Exercise data —
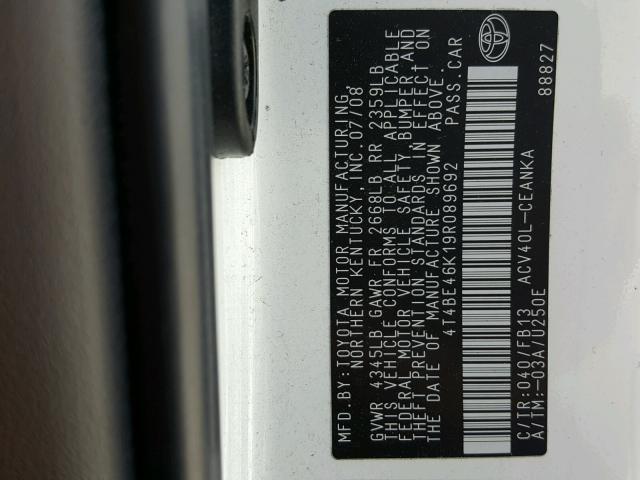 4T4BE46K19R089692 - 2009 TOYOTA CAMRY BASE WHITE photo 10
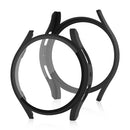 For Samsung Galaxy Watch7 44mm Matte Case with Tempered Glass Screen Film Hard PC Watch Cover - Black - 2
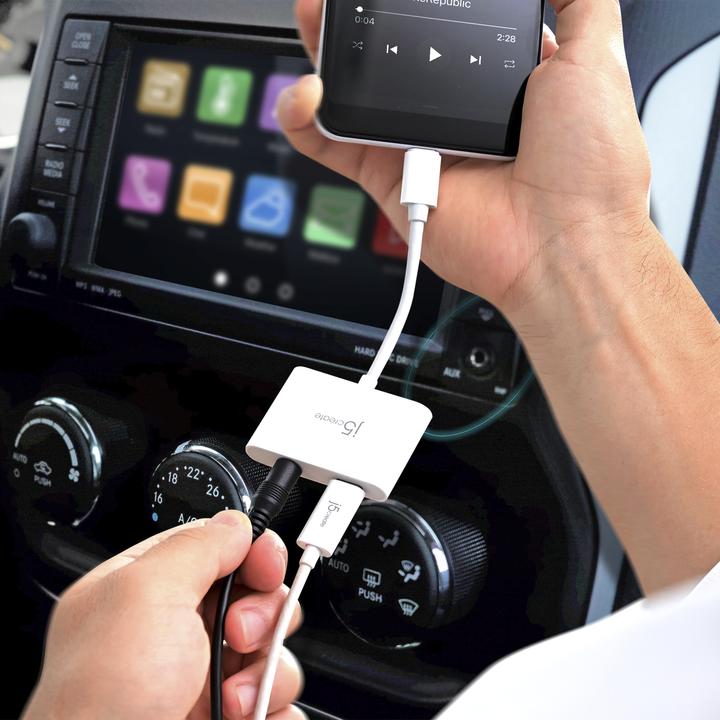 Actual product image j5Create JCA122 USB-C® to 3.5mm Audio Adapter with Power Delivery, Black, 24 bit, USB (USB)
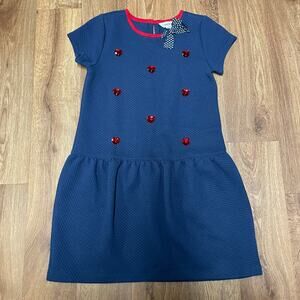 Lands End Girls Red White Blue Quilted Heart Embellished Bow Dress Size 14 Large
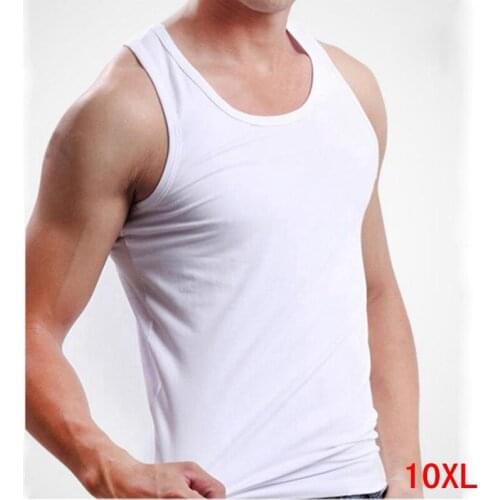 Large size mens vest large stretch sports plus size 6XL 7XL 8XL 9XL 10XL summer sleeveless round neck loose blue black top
--
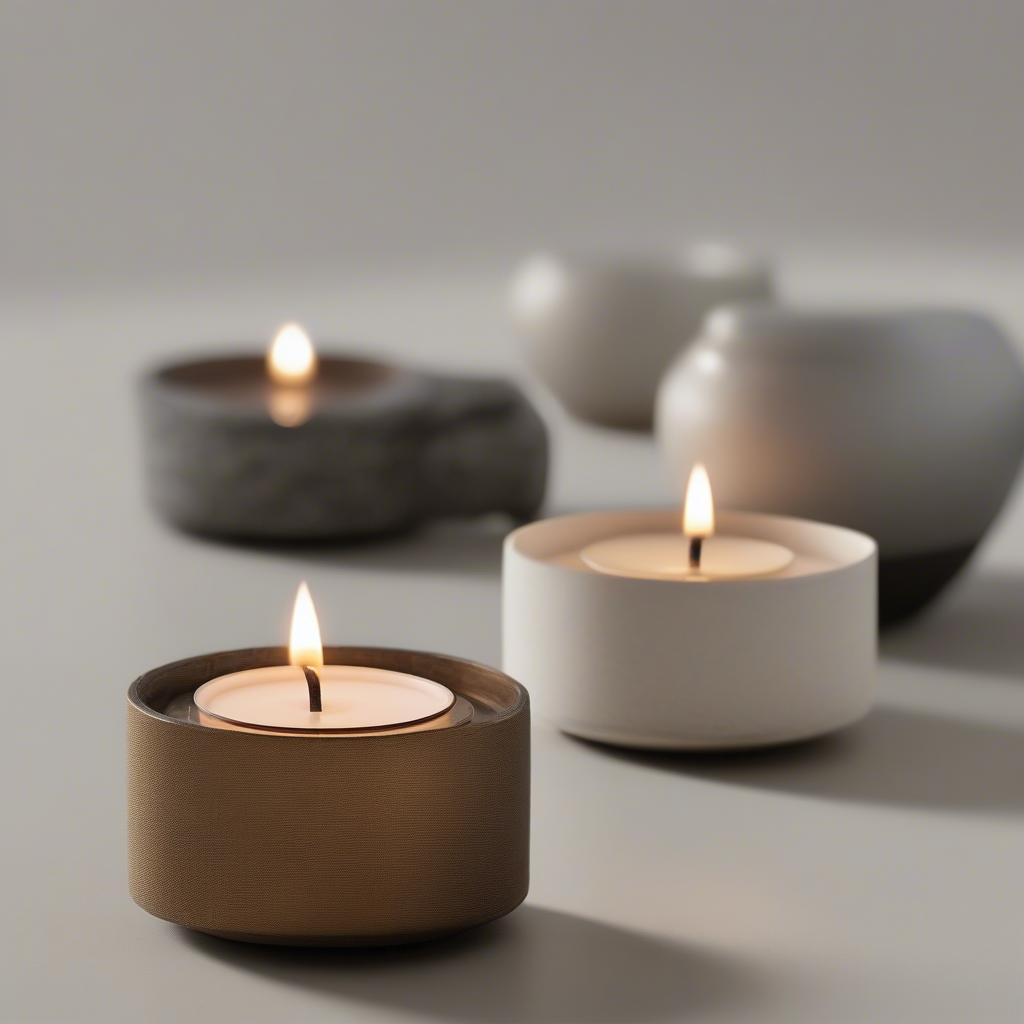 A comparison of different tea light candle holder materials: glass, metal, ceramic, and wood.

Prompt —
Pictures in the material above should be skipped; print exactly the lines from the one with "4T4BE46K19R089692 - 2009" through the one with "Large size mens".

Answer section —
 4T4BE46K19R089692 - 2009 TOYOTA CAMRY BASE WHITE photo 10
 For Samsung Galaxy Watch7 44mm Matte Case with Tempered Glass Screen Film Hard PC Watch Cover - Black - 2
 Actual product image j5Create JCA122 USB-C® to 3.5mm Audio Adapter with Power Delivery, Black, 24 bit, USB (USB)
 Lands End Girls Red White Blue Quilted Heart Embellished Bow Dress Size 14 Large
 Large size mens vest large stretch sports plus size 6XL 7XL 8XL 9XL 10XL summer sleeveless round neck loose blue black top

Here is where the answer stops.